# first interview with qualifications advice



## ColinEhm1 (Sep 5, 2013)

so some may know I was looking for a new job as ive just recived my papers for my apprenticeship in hgv/coach mechanics. im not fully time served but can no longer put up with the attitude of other employees in the company hence me wanting to leave before times out.

anyway I applied for a job last week and had a reply back tonight saying theyd like to take me in for a interview on Friday and that ive to phone them, but only got this email at 5 and only just read it so highly doubt the person will still be working but will give them a phone in half an hour, the job on offer is much closer to home, much better shifts of Tuesday- Saturday 08:30 till 5pm which is what ive been looking for as current work place is a weeks back shift (wed-sunday 1-9:30) then 2 weeks day shift (07:30-4:30) then a weeks back shift then a weeks day shift then nightshift for 5 nights off for 4 on for 7 then of for 2 then on for 3 then back to the start again, the shifts are murder and out of that 9 week router you work at least 7 weekends, so will be good to have good hours plus time to myself now.

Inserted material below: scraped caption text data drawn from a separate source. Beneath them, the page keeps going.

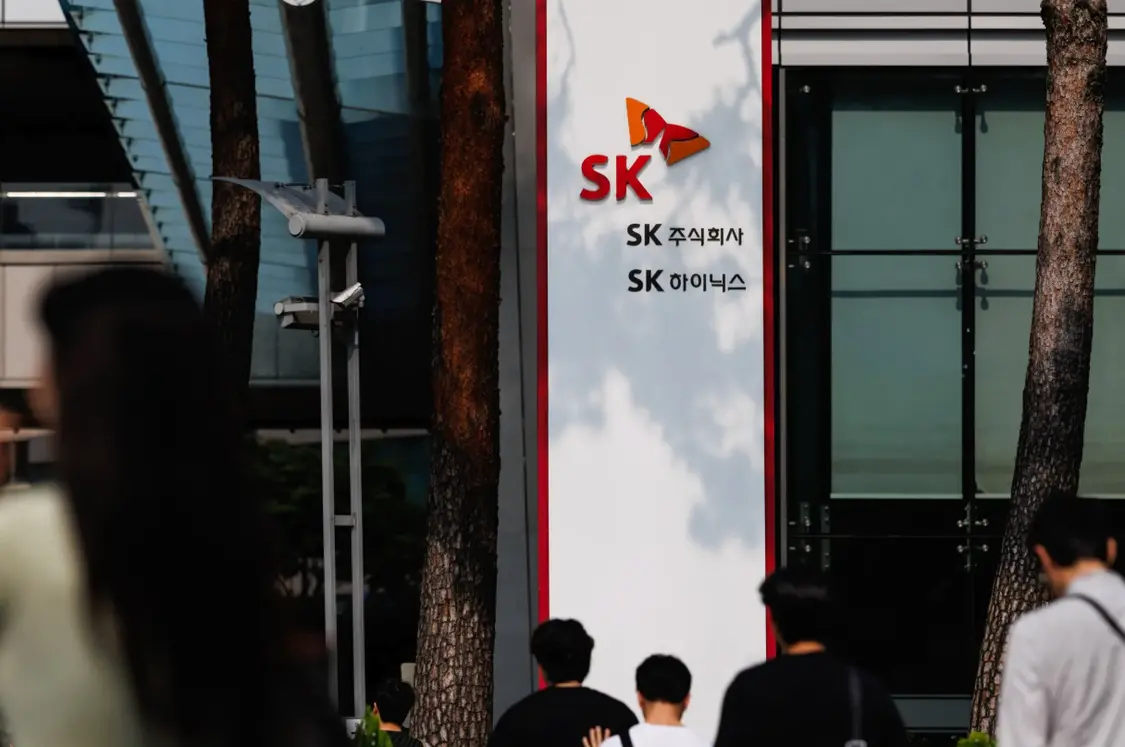 SK海力士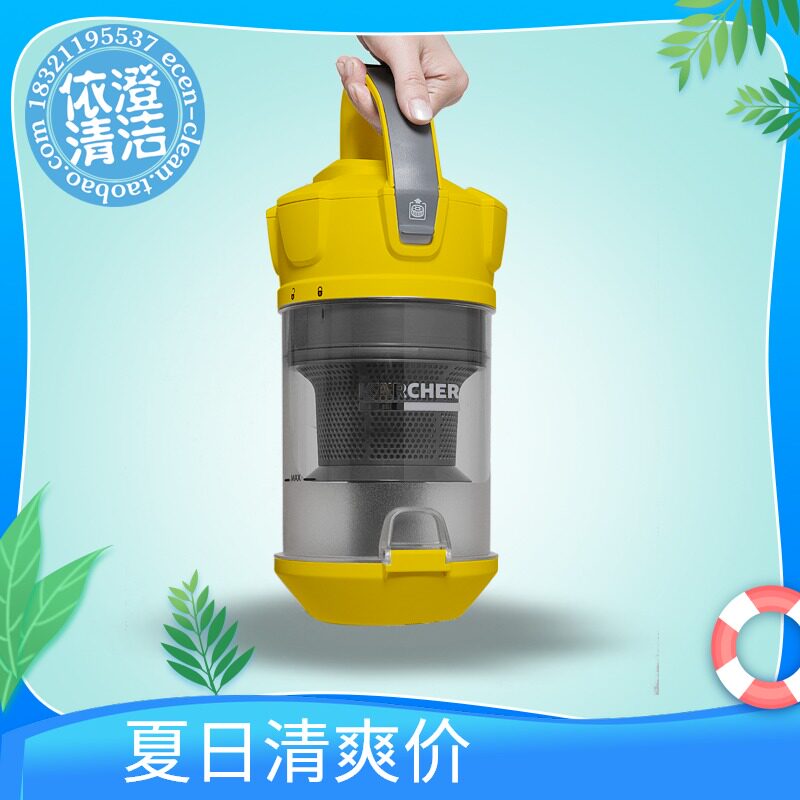 卡赫凯驰VC3旋风桶干式吸尘器VC3家用吸尘器配件 过滤桶芯过滤器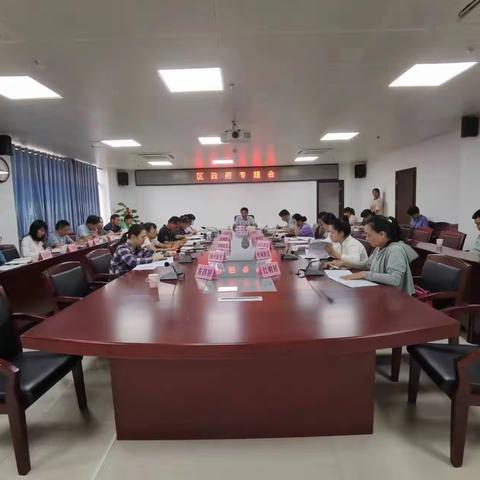 琼山区召开2024年城乡居民基本医疗保险征缴工作及2023年医保电子凭证激活工作部署会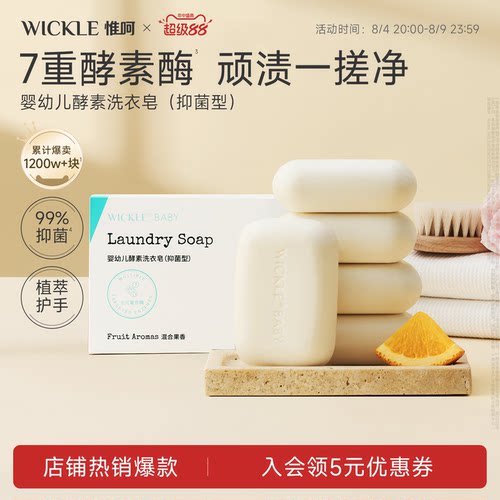 wickle婴儿洗衣皂新生宝宝专用肥皂儿童洗衣皂婴幼儿酵素酶尿布皂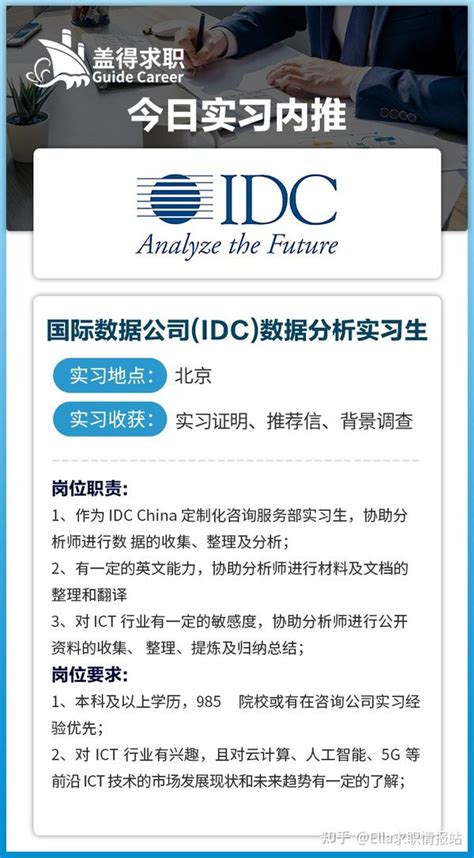 国际数据公司（IDC） 数据分析-实习内推 - 知乎
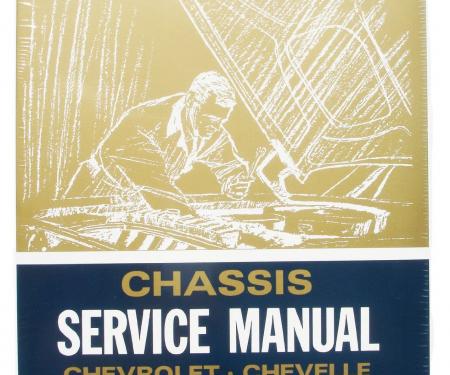 Corvette Service Manual, 1967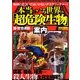 本当にいる世界の「超危険生物」案内 [単行本]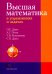 Высшая математика в упражнениях и задачах. Учебное пособие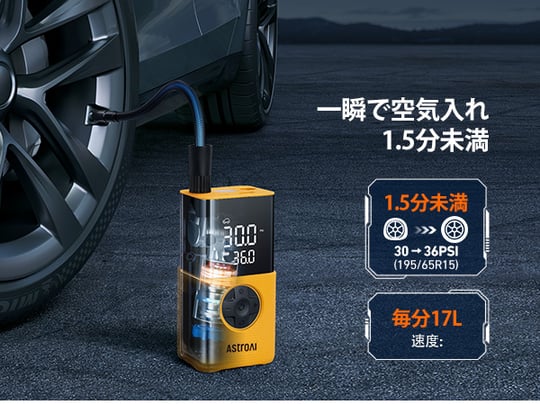 L7S 電動空気入れ エアコンプレッサー 2025年新登場 4000mAh 150PSI typeC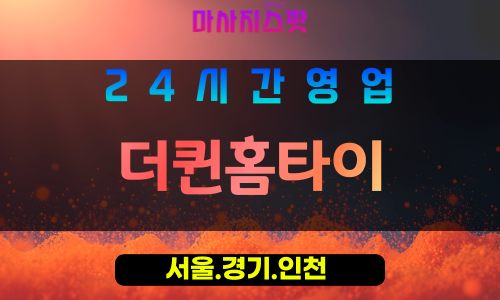 마포구출장마사지 - 신공덕동홈타이 - 더퀸홈타이 - 프라이빗홈케어 - 마사지스팟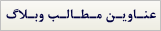 عناوین مطالب وبلاگ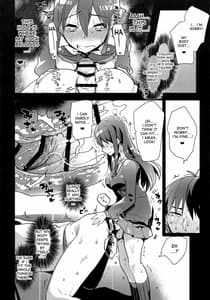Page 13: 012.jpg | Futanari Rin-chan to P no Ero Hon | View Page!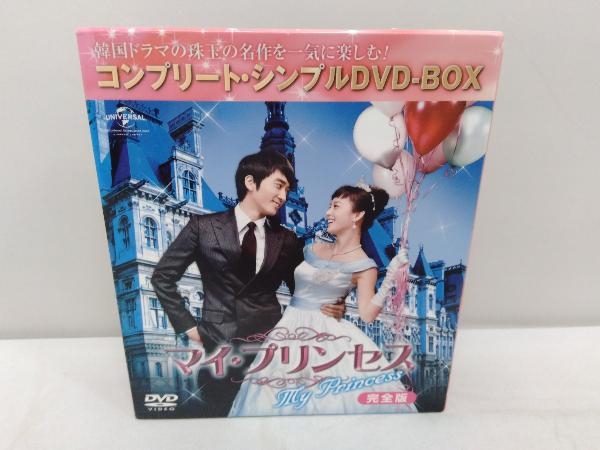 2025年最新】Yahoo!オークション -マイプリンセス dvdの中古品・新品・未使用品一覧 2025年最新】Yahoo!オークション -マイプリンセス dvdの中古品・新品・未使用品一覧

my interview with the place I currently I work with I didn't have any qulifications as was waiting for exam results to come in, but anyway now I have my results for my exams plus my apprenticeship completion certificate, plus all my city and guilds test rests and portfolio, what would I need to take to the interview with me, ive not got a cv but is this required ?

also if you have any tips for interviews can you please share #


thanks,
Colin


----------



## lowejackson (Feb 23, 2006)

How did the interview go?


----------



## 11alan111 (Dec 29, 2011)

i have been employed as both hgv and psv mechanic and to be honest psv is cleaner,although psv will normally involve a lot of weekend work,andthe wages seem to be less on psv.


----------